I use only a single array in my "regular hashtables". What is the other
containing exactly? Is that for going the "other way" (get the key for
an entry?)??? I use linked lists to implements my buckets because I'm
lazy. Since I like my buckets to be rather shallow (4 or 8 at most), I
don't worry too much about the performance of going thru a bucket. They
could be dynamically allocated arrays, since they are going to be fixed
size anyway.

Is that second array you're talking about actually a *number* of
secondary level arrays, composing the buckets themselves (my
"dynamically allocated arrays" improvement on my hashtables)? Or is
there a wholly separate array?

I smell the misunderstanding partly because of things like these two
arrays you have and the single one I have. We are clearly having two
different approaches. Maybe I can improve *my* coding, which I like to
do, and maybe I can help you improve *your* coding, which I also like to
do. I win either way. :-)

As for the linked lists, I was talking about your DynHashTable.

> The only mild deviation from the normal hash table using chained hashing is
> that each segment of the entry array (ie, each segment of entries that hash
> to the same position in the hash table), is sorted in ascending order. This
> makes it possible to do a binary search.

Nice idea. I use the order of the hash table as the maximum size of
buckets, so that as the size of the hash table increases (and thus
becomes more expensive to grow), it takes larger buckets to trigger the
growing of the table.

For the very worst case, you'd have a 2^32 entry hash table, each with
32 entries in their bucket, which makes for a huge amount of total
entries. Even the worst case of having to look thru all of the 32
entries in a bucket is completely insignificant compared to the worst
case of a simple array or a linked list, thus I feel I'm winning enough.

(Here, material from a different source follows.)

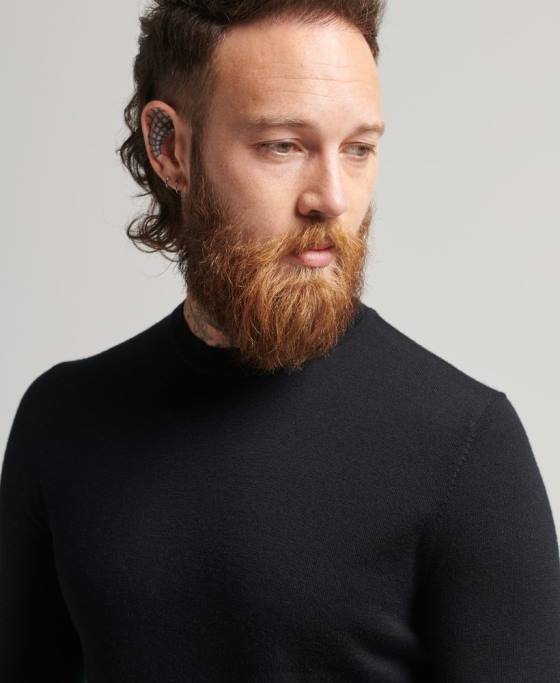 Superdry jumper de echipaj studios merinos îmbrăcăminte negru bărbați JX0Z1286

I think that my straight method isn't O(n) as you mentioned, but rather
O(n log n), which is nice enough for me.

> DynHashTable is only used when altering the hash table, and it does this in
> the most effecient way possible; with only ONE reallocation, nomatter the
> amount of entries that get added (it does allocate for a linked lists, but
> that's pretty effecient due to a special allocator I'm using). If I moved
> the alteration functionality into HashTable and gave it an AddEntry()
> method, then that would be extremely ineffecient. I could do a AddEntries().
> That would still only require one reallocation, but it would also require
> the client code to have the entries to be added in one array, which migth
> not always be possible. The solution with DynHashTable is better because it
> allows me to do what can be done in terms of optimizing this process, while
> making client code both smaller and simpler.

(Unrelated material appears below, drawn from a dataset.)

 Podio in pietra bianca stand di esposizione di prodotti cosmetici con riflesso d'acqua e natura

Do you add entries that often? Adding an entry to a normal hash table,
for the case where it doesn't need to grow the table (that the regular
case), is quite fast. Once in a while, it has to grow the table, that's
all. The fact that adding an element isn't done in bounded time
sometimes is a big disadvantage, that's why the hash tables in the C++
STL are actually *not* hash tables, but red-black trees!

The improvement you're getting with your DynHashTable is only visible
for a large number of successive add entry operations, *or* when you
need adding to be done in bounded time. While there is nothing that can
be done to fix the unbounded time required to add an entry to a hash
table (you have to alter the algorithm, like going to your DynHashTable
or to red-black tree like the STL), I feel that the case where you're
adding a bunch of entries to the hash table is not very important. Since
I grow the bucket size with the size of the hash table (to the square
root, but whatever) and the table doubles in size, the rate at which
growing the table needs to happen goes down as the cost of doing so goes
up anyway. When growing the hash table becomes serious business, you can
be sure that you can add quite a few entries (at very little cost)
before you need to grow again.

The reasoning is simply that it wasn't worth the effort to switch from
one type of hash table to another, then back as we're finished adding
stuff to it. We have one Hashtable class, that's it.

I just felt that discussing THE most optimized algorithm for such a
relatively unimportant part of the system is the kind of thing that
makes projects of the scope of PenguinPlay bog down. Heck, regular Unix
ufs uses a darn ARRAY for directories entries!

Unix got where it is now with the "90% of the work with 10% of the
effort" rule, guys... Otherwise, you get Lisp and Lisp Machines, and you
know where they are now (in a garbage dump and museums). Nobody cares
that they were the best machines and environments ever conceived. Don't
get pedantic with that last 10% of work, Unix is *FINE* without it, see?

Where does PenguinPlay want to be? On all the Linux machines? Or in the
garbage dump?

-- 
Pierre Phaneuf
Ludus Design, http://ludusdesign.com/
"First they ignore you. Then they laugh at you.
Then they fight you. Then you win." -- Gandhi